What the exercise asks: Copy, word for word, the lines of the entries below between the one with "Silver Novelty Grip Charms" and the one with "Topographic Map of Grouse Creek, MT", inclusive, and leave out everything else.

Extracted entries:

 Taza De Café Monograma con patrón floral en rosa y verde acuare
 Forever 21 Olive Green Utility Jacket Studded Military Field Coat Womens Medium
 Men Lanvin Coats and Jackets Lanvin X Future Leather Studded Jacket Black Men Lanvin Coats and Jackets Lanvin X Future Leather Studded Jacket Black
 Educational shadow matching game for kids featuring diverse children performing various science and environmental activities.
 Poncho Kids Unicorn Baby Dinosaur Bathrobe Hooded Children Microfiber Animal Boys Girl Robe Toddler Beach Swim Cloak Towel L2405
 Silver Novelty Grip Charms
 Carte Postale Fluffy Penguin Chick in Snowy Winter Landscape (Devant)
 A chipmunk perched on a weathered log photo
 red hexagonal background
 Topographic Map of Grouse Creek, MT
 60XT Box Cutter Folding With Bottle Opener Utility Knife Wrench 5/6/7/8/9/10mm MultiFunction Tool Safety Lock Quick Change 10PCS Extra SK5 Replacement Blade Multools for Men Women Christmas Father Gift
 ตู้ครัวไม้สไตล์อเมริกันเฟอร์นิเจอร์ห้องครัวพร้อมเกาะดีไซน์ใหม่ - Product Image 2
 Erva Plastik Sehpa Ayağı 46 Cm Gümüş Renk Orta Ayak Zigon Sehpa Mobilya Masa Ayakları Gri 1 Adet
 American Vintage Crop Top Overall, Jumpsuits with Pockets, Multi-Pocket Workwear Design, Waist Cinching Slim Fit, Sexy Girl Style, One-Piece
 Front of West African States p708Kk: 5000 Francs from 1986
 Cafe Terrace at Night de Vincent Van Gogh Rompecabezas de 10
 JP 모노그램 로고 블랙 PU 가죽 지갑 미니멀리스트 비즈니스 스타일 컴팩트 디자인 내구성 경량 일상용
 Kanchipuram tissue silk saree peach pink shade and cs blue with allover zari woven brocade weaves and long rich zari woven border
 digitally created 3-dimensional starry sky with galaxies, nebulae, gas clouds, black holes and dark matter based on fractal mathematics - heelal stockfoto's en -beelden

Expected answer:
 Silver Novelty Grip Charms
 Carte Postale Fluffy Penguin Chick in Snowy Winter Landscape (Devant)
 A chipmunk perched on a weathered log photo
 red hexagonal background
 Topographic Map of Grouse Creek, MT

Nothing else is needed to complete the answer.